● What the exercise asks:
Restate the data word for word and leave the images out.

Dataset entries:
►

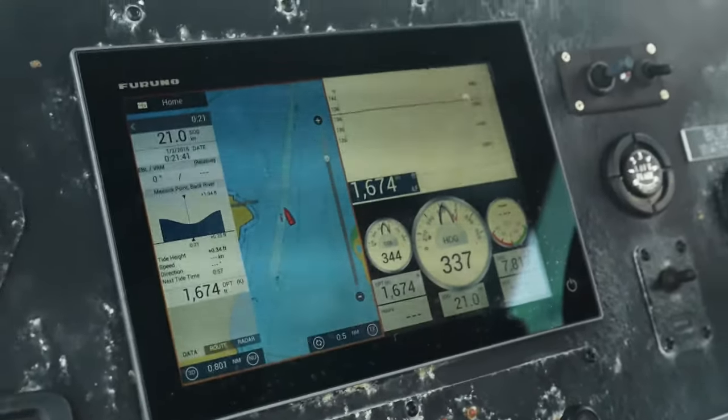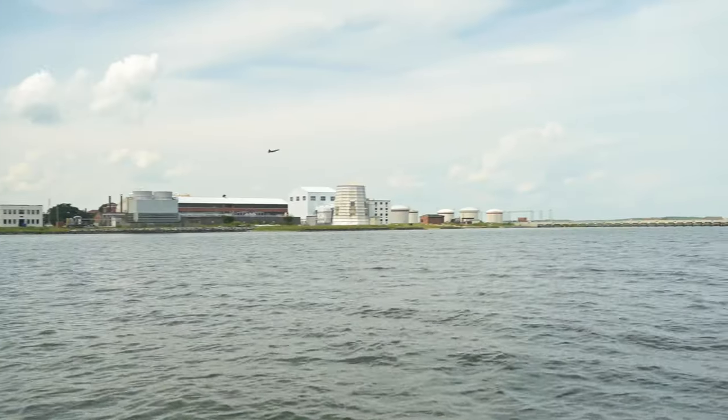We also assist the Coast Guard in rescues. If there's any type of boating incident or accident outside, we help them in the surrounding waters.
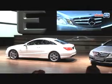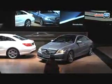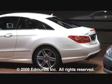We expect to see a convertible version at the Frankfurt show later this year and an AMG version shortly after that. The 2010 Mercedes-Benz E-Class Coupe is expected to go on sale in the U.S. this summer.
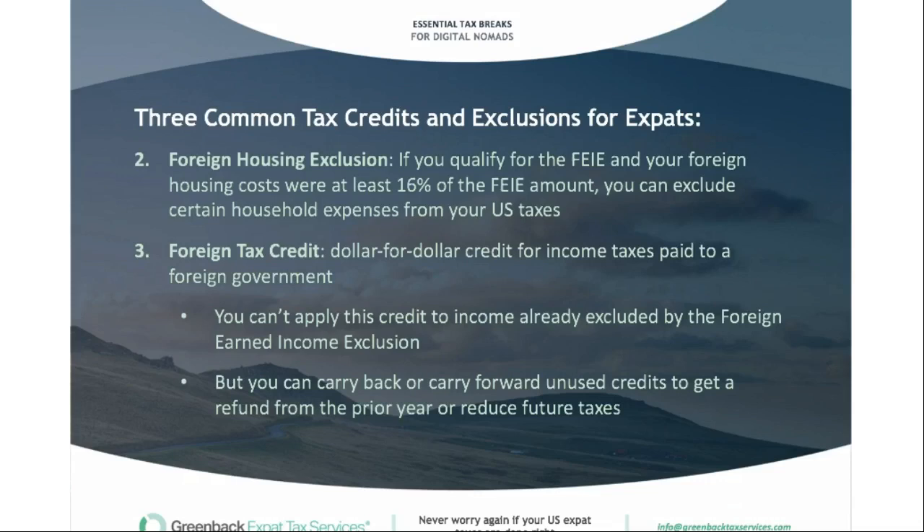Another option is the foreign housing exclusion. If you qualify for the FEIE and your foreign housing costs exceed 16% of the FEIE amount, you can exclude certain household expenses from your US taxes. This makes sense if you're earning over that $107,000 mark and need to exclude additional income. The last option is a foreign tax credit — a dollar-for-dollar credit for income taxes paid to a foreign country. You can carry back or carry forward unused credits. For example, if you're living in the UK, which has a very high tax rate, you'll often have excess foreign tax credits that can be carried to other years.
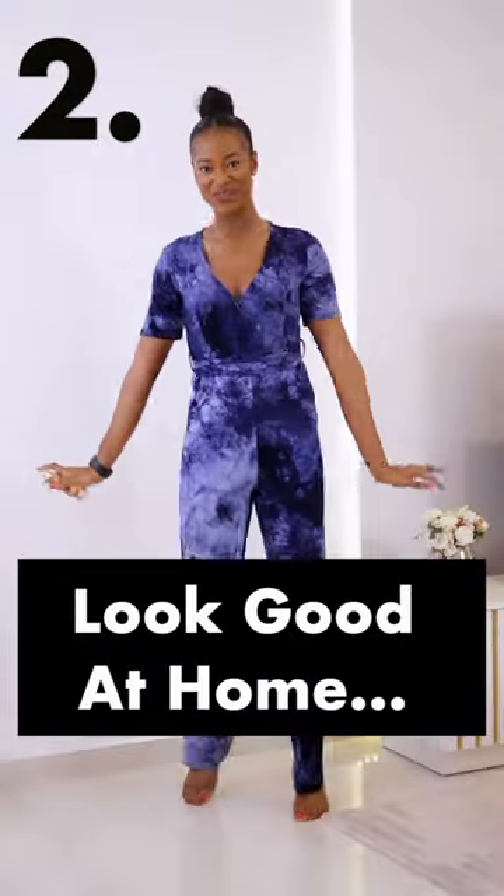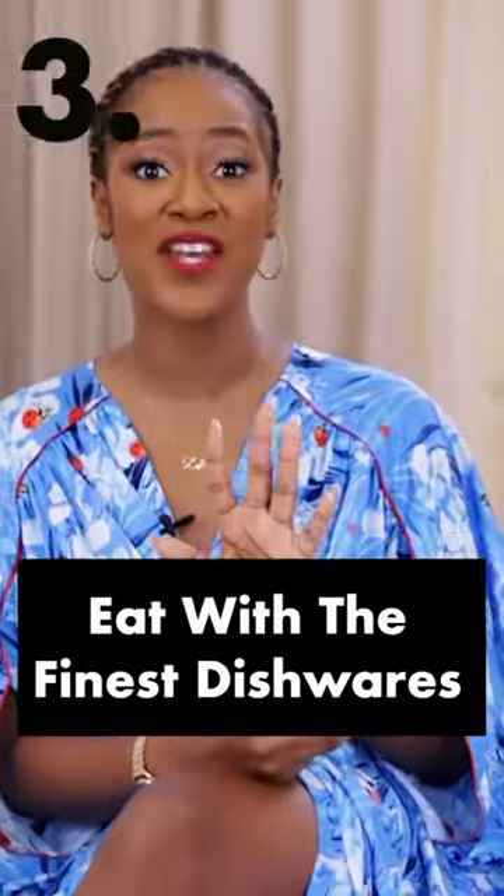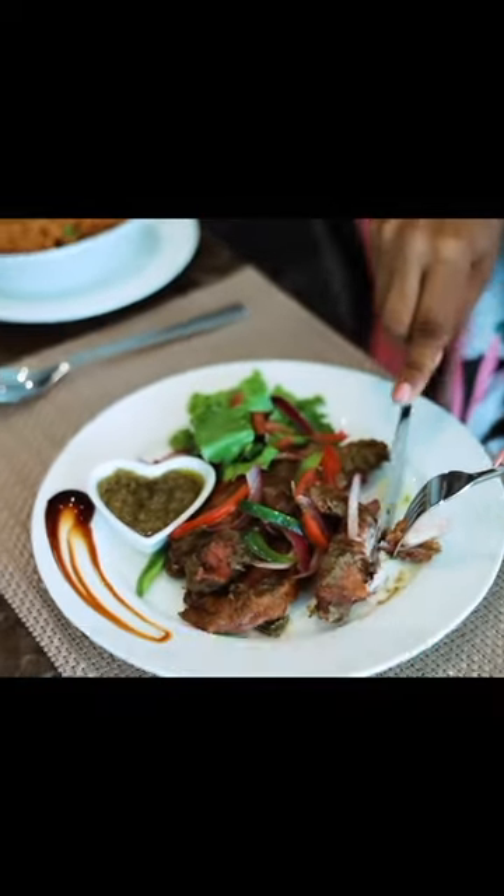Put in the effort to look and smell good in the privacy of your decluttered and organized home. Serve your meals and drinks from the finest dishware and glassware, and practice eating at the table.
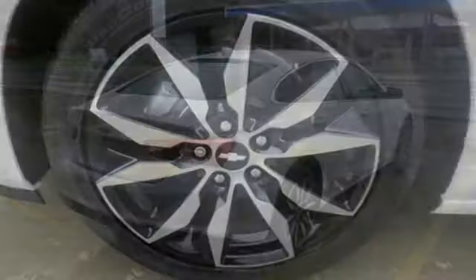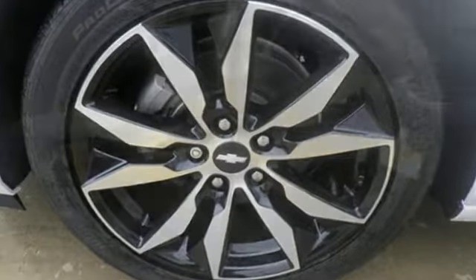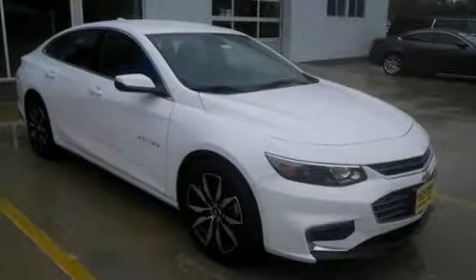This sporty Malibu couldn't be easier to hop in and get going with keyless entry and push-button start. Stabilitrack helps you avoid trouble, while OnStar is there when trouble is unavoidable. No other mid-sized sedan covers every need like this bold Chevy Malibu.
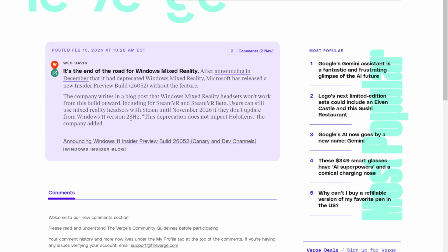The Verge mentions it as well — Microsoft has said that the Windows Mixed Reality headsets will not work from this build onward, including for Steam VR and Steam VR beta. So something to keep in mind there.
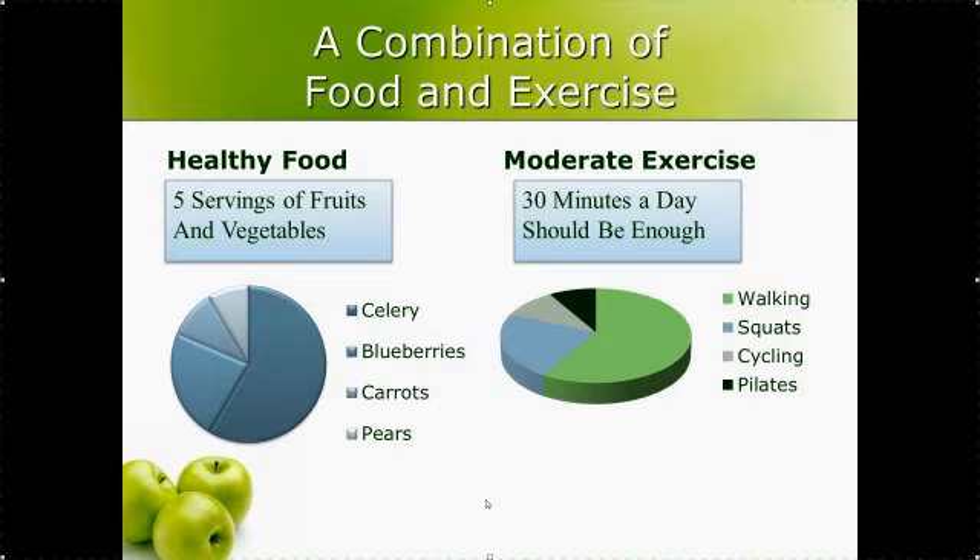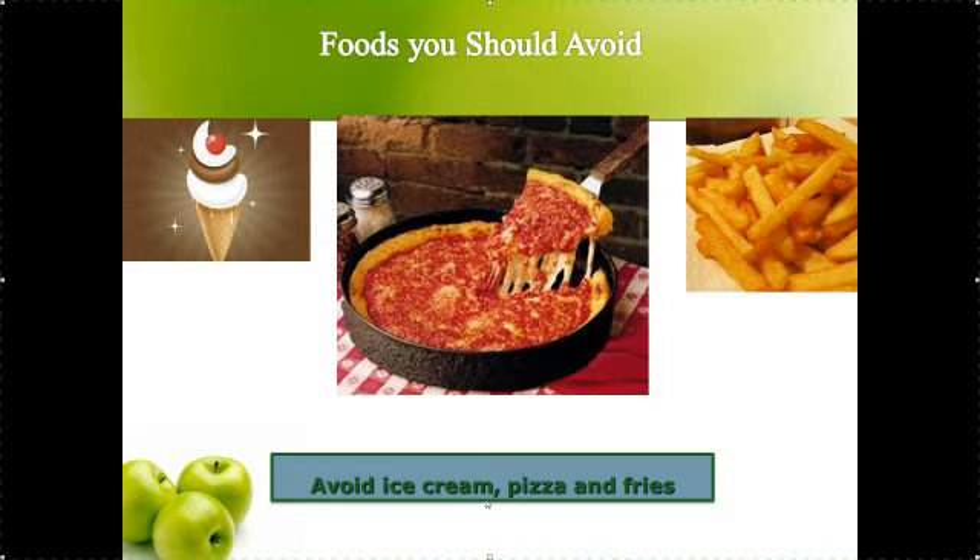You should also be avoiding certain foods. The number one food to avoid is ice cream — that's the worst. Then pizza and fries. There are other ones too, so just avoid fast food overall, but those are the main ones I recommend staying away from.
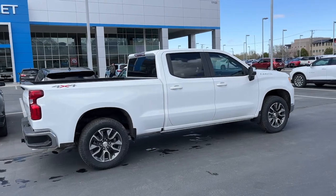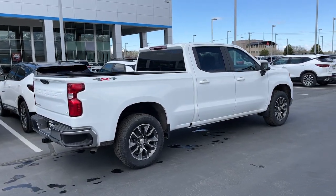Powerful versatility meets comfortable convenience in the Silverado 1500. Come in and drive it.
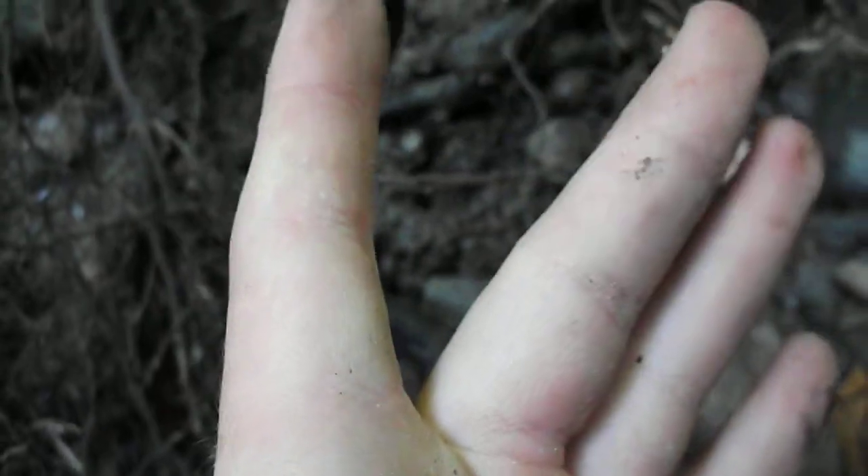Another cool-looking salamander. He jumped. Where'd he go? Oh, he's right there. Right there.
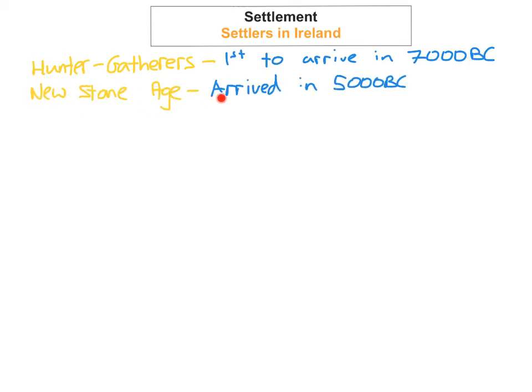The next group was the New Stone Age people. These people arrived into Ireland around 5000 BC. They brought in new things to Ireland such as farming — they introduced farming to Ireland. They travelled to Ireland from Britain and France. These New Stone Age people had a huge impact on the environment; they cleared forests to provide grazing for animals. They built places of worship and large stone graves such as megalithic tombs, cairns, and dolmens, which can still be seen in Ireland today.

◄

● Answer below:
We also assist the Coast Guard in rescues. If there's any type of boating incident or accident outside, we help them in the surrounding waters.
We expect to see a convertible version at the Frankfurt show later this year and an AMG version shortly after that. The 2010 Mercedes-Benz E-Class Coupe is expected to go on sale in the U.S. this summer.
Another option is the foreign housing exclusion. If you qualify for the FEIE and your foreign housing costs exceed 16% of the FEIE amount, you can exclude certain household expenses from your US taxes. This makes sense if you're earning over that $107,000 mark and need to exclude additional income. The last option is a foreign tax credit — a dollar-for-dollar credit for income taxes paid to a foreign country. You can carry back or carry forward unused credits. For example, if you're living in the UK, which has a very high tax rate, you'll often have excess foreign tax credits that can be carried to other years.
Put in the effort to look and smell good in the privacy of your decluttered and organized home. Serve your meals and drinks from the finest dishware and glassware, and practice eating at the table.
This sporty Malibu couldn't be easier to hop in and get going with keyless entry and push-button start. Stabilitrack helps you avoid trouble, while OnStar is there when trouble is unavoidable. No other mid-sized sedan covers every need like this bold Chevy Malibu.
The Verge mentions it as well — Microsoft has said that the Windows Mixed Reality headsets will not work from this build onward, including for Steam VR and Steam VR beta. So something to keep in mind there.
You should also be avoiding certain foods. The number one food to avoid is ice cream — that's the worst. Then pizza and fries. There are other ones too, so just avoid fast food overall, but those are the main ones I recommend staying away from.
Powerful versatility meets comfortable convenience in the Silverado 1500. Come in and drive it.
Another cool-looking salamander. He jumped. Where'd he go? Oh, he's right there. Right there.
The next group was the New Stone Age people. These people arrived into Ireland around 5000 BC. They brought in new things to Ireland such as farming — they introduced farming to Ireland. They travelled to Ireland from Britain and France. These New Stone Age people had a huge impact on the environment; they cleared forests to provide grazing for animals. They built places of worship and large stone graves such as megalithic tombs, cairns, and dolmens, which can still be seen in Ireland today.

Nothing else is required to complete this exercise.